Social media is blowing everything out of proportion
It can be argued that this outbreak is really the first social media epidemic scare. Social media lends itself to hysteria, hyperbole, lack of forethought, knee-jerk instinctive reactions, and outlets clamoring over one another trying to outdo competitors with how sensationalist they can make their headlines in order to capture the most clicks. Quick example: Last week’s article drew a comment calling me “totally wrong” (maybe I am, we’ll see) and referring me to the Twitter feed of one Dr. Eric Feigl-Ding, a Chinese epidemiologist enjoying a huge bump in his social media popularity of late.
The first pinned tweet I saw yesterday on his feed was how a series of his previous posts were deleted because they cited an alarming article about the virus that was not yet peer-reviewed. Today’s pinned tweet is of yet another retraction of yet another hasty statement made by a virologist who had earlier claimed that the virus can be transmitted before symptoms arise. Now it’s uncertain and she has apologized. Panic yields clicks yields more panic yields more clicks. Take the social media discount into consideration when reading scary posts.

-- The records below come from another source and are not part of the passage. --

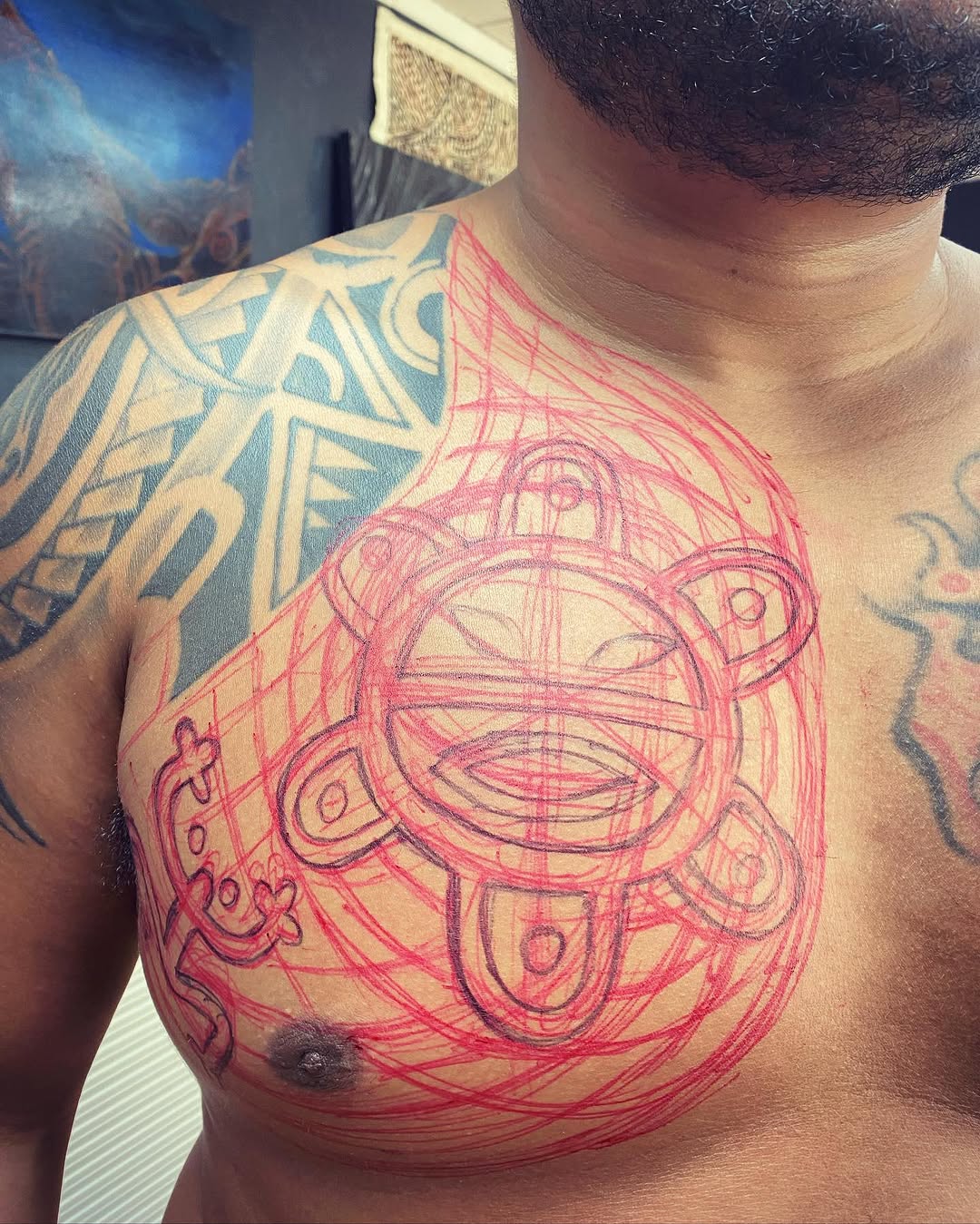 Michael Fatutoa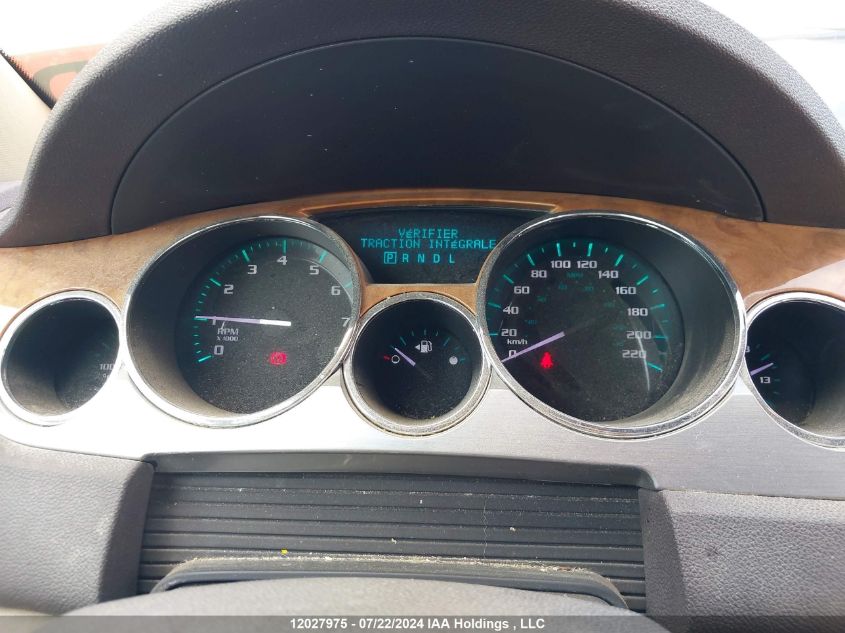 2010 Buick Enclave VIN: 5GALVBED3AJ194476 Lot: 12027975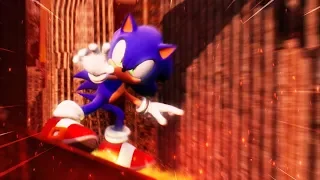 Sonic Infinity Engine: Crisis City 2.0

TRANSMISSION UPDATE – experts are admitting they made a mistake that a woman transmitted the #coronavirus without symptoms. Turns out she indeed had symptoms. The virologist was apologetic. A lot of stressful pressure. We all makes mistakes. Let’s forgive. https://t.co/rAguPWHuqR
— Eric Feigl-Ding (@DrEricDing) February 4, 2020
Detailed trading strategy
Again, I am still not a Macau bull fundamentally speaking, but there is a good trading opportunity here. Seasonal monetary growth typically peaks around May, and we can expect the same this year on steroids with the Federal Reserve on permanent repo-printing overdrive. China’s monetary policy typically follows the Fed, though amplified. The People’s Bank of China has already announced measures that will add $174B in extra liquidity to cushion the blow. This is all the more money that will be plowed back in whenever the panic is over.
I advise taking a 5% position in Macau through Wynn, Melco, Galaxy, or Las Vegas Sands, divided into two portions. 3% should be the core Macau position for the trade, to hold until mid-to-late May. 2% can be used for day trading over the next 2-3 weeks. Macau is likely to have volatile swings up and down with the headlines. Buy the dips and sell the rallies with that 2%.

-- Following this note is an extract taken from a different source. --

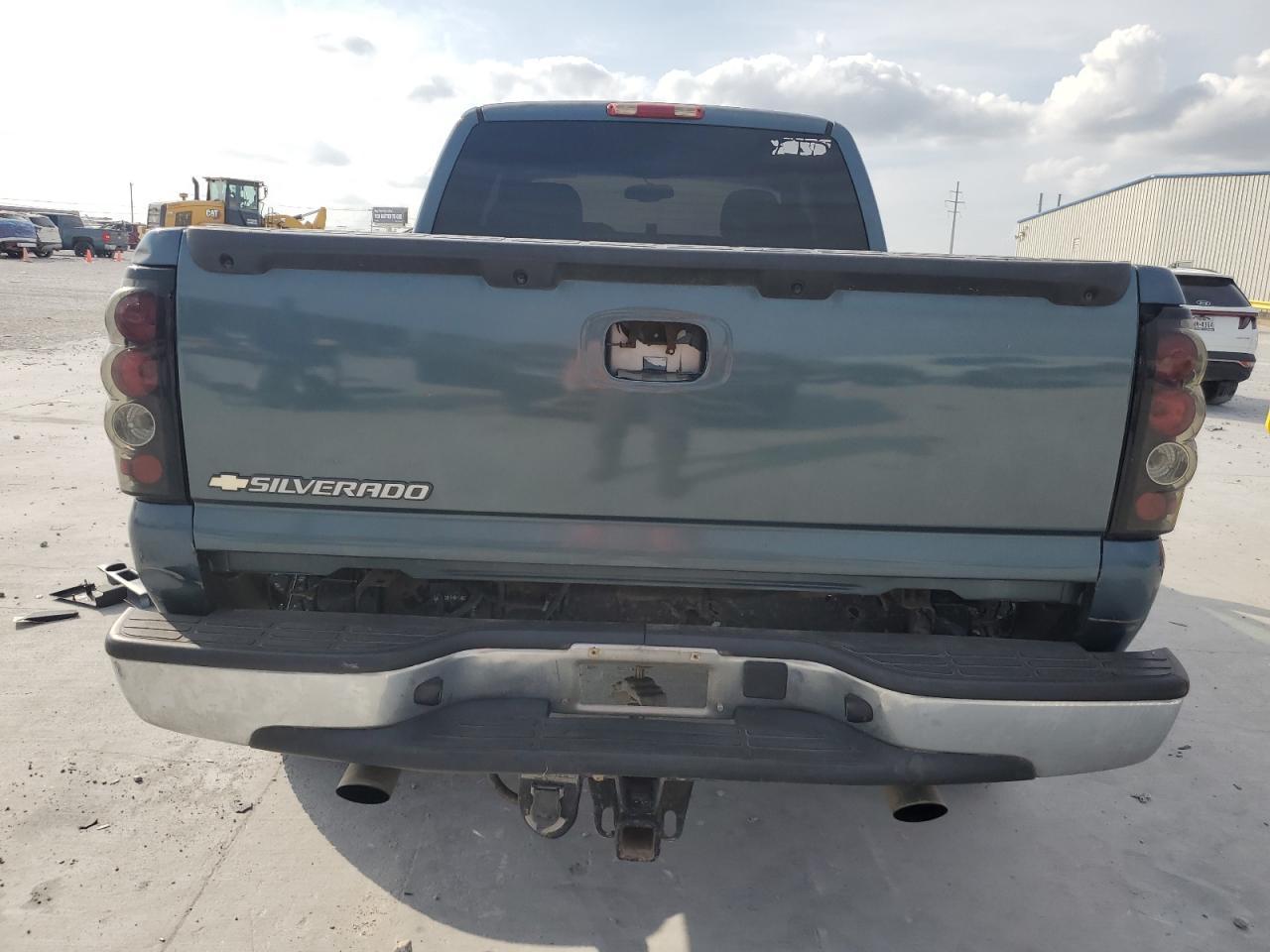 2007 CHEVROLET Silverado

Putting this together, the full trade would mean buy 5% in, say, Wynn. On a strong up day which we can define arbitrarily as 2% gains or more in the stock, sell 2%. You are left with 3% core to hold until mid-to-late May. On the next strong down day, buy back 2%, and you are back up to full 5% positions. Another strong up day 2% or more above your previous reentry, sell 2% again, and so on through February. Once volatility settles down and scary headlines subside, you’ll be left with a 3% position to ride until May. If you can’t manage the day trading, just take a 3% position and hold until May. That’s the safer way to do this anyway.
If I’m wrong and the Wuhan coronavirus sweeps the globe and totally chokes the global economy for months, well, then you’ll lose about 2.5% in a worst case scenario if Macau stocks are suddenly halved. The chances of that happening, in my opinion, are very remote.